Kohl's tiene una ventaja estructural real: su historia fuera del mall le dio acceso a comunidades que sus competidores nunca atendieron. Pero esa ventaja solo se convierte en negocio sostenible si quienes toman decisiones de diseño, surtido y atención en cada mercado reflejan la diversidad de ese mercado. Una cadena que gestiona 1.165 puntos de venta desde una sola perspectiva cultural y demográfica no está operando con toda su capacidad de procesamiento. Está operando con una fracción de ella.

Las alianzas con Sephora son un indicador interesante. Llevar una marca de belleza que ha construido parte de su crecimiento sobre la inclusión de tonos, formatos y consumidores históricamente ignorados por la industria cosmética a mercados secundarios tiene lógica de negocio sólida. La categoría de belleza en formato shop-in-shop genera tráfico y frecuencia de visita. Pero esa lógica solo se ejecuta bien si los equipos locales entienden la composición demográfica de su zona de influencia y tienen la autoridad para adaptarla.

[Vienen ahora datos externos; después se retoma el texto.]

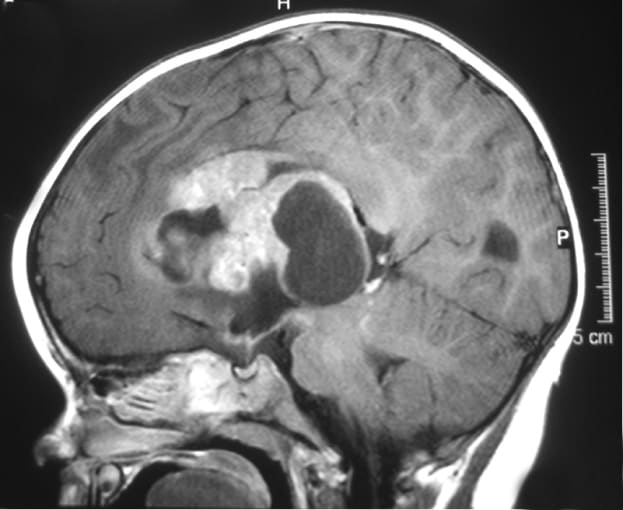 MRI of a supratentorial atypical teratoid/rhabdoid tumor (ATRT) in a young child. CREDIT: Marvin 101 - Own work. https://en.wikipedia.org/wiki/Atypical_teratoid_rhabdoid_tumor
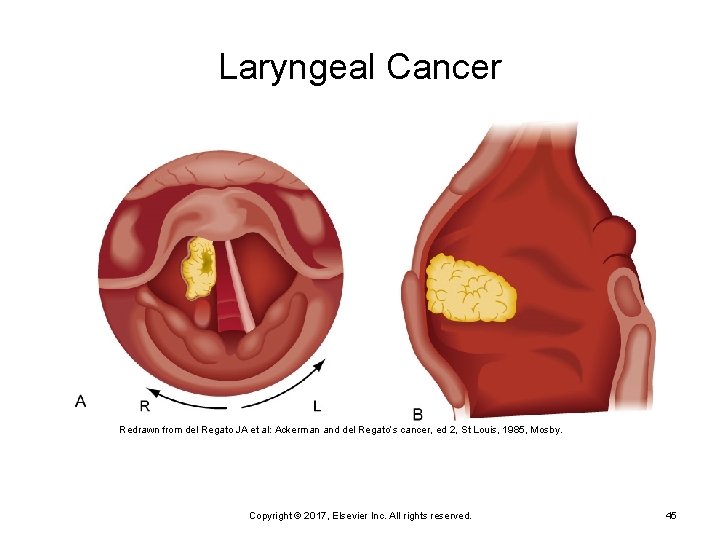 Laryngeal Cancer Redrawn from del Regato JA et al: Ackerman and del Regato’s cancer,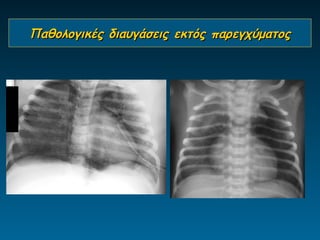 Παθολογικές διαυγάσεις εκτός παρεγχύματος
 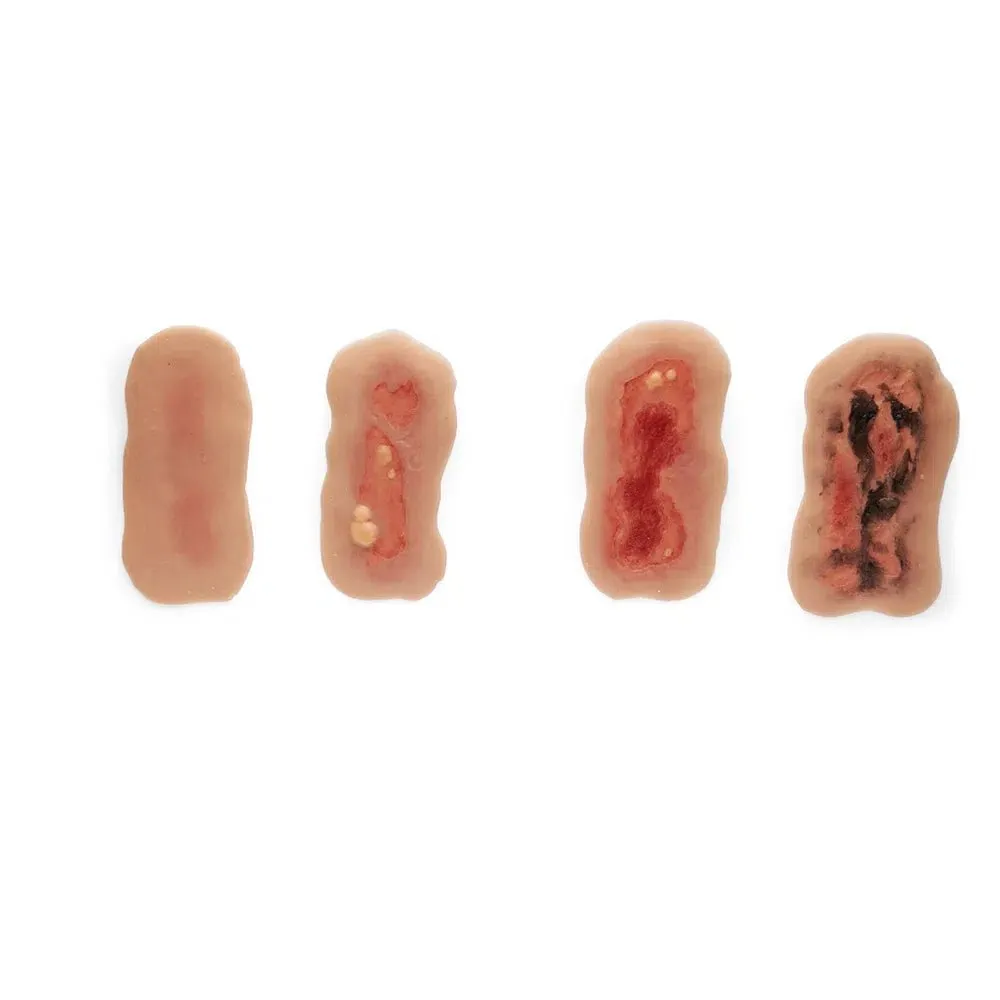 Adhesive Simulated Burns - 4 stages kit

La expansión periférica como modelo de negocio para pymes

Hay una lectura de esta historia que va más allá de Kohl's y que es directamente aplicable a cualquier empresa de tamaño medio con ambiciones de escala: los mercados ignorados por los líderes de industria no están vacíos porque sean poco rentables. Están vacíos porque el modelo de expansión dominante fue diseñado por equipos que nunca vivieron en ellos.

Cuando Kohl's identifica una oportunidad de más de 500 millones de dólares en mercados donde sus tiendas de 80.000 pies cuadrados eran inviables, está documentando empíricamente que el error no estaba en el mercado: estaba en el formato. Y el formato fue diseñado por personas que asumían que el consumidor promedio vivía cerca de un mall suburbano con estacionamiento amplio.

Las pymes que operan en mercados regionales o secundarios tienen aquí un dato operativo concreto: la proximidad al cliente no es una desventaja competitiva frente a las grandes cadenas. Es una fuente de inteligencia que los modelos centralizados no pueden replicar a ningún costo. La capacidad de ajustar surtido, precio y experiencia con velocidad local es exactamente lo que Kohl's está intentando comprar ahora con su piloto de formatos reducidos. Una empresa mediana que opera con esa lógica desde su origen tiene una ventaja estructural que el tamaño no puede compensar automáticamente.

El riesgo para Kohl's sigue siendo de ejecución. Transformar costos fijos de expansión en resultados variables requiere que la inteligencia de mercado fluya desde la periferia hacia el centro, y no al revés. Si el modelo de gobierno de la expansión replica la centralización que caracterizó al retail tradicional, los 500 millones proyectados se convertirán en otra línea de provisiones contables.

La próxima vez que el directorio de cualquier compañía en expansión revise su plan de apertura de mercados, le recomiendo que observe quiénes están sentados en esa sala. Si todos provienen del mismo tipo de ciudad, del mismo segmento socioeconómico y del mismo modelo mental sobre qué es un consumidor, no están evaluando una estrategia de expansión: están proyectando sus propios supuestos sobre territorios que no conocen. Eso no es un riesgo ético. Es un riesgo financiero medible, y los 27 cierres de Kohl's en 2025 son la evidencia más reciente de lo que ocurre cuando ese error se acumula sin corrección.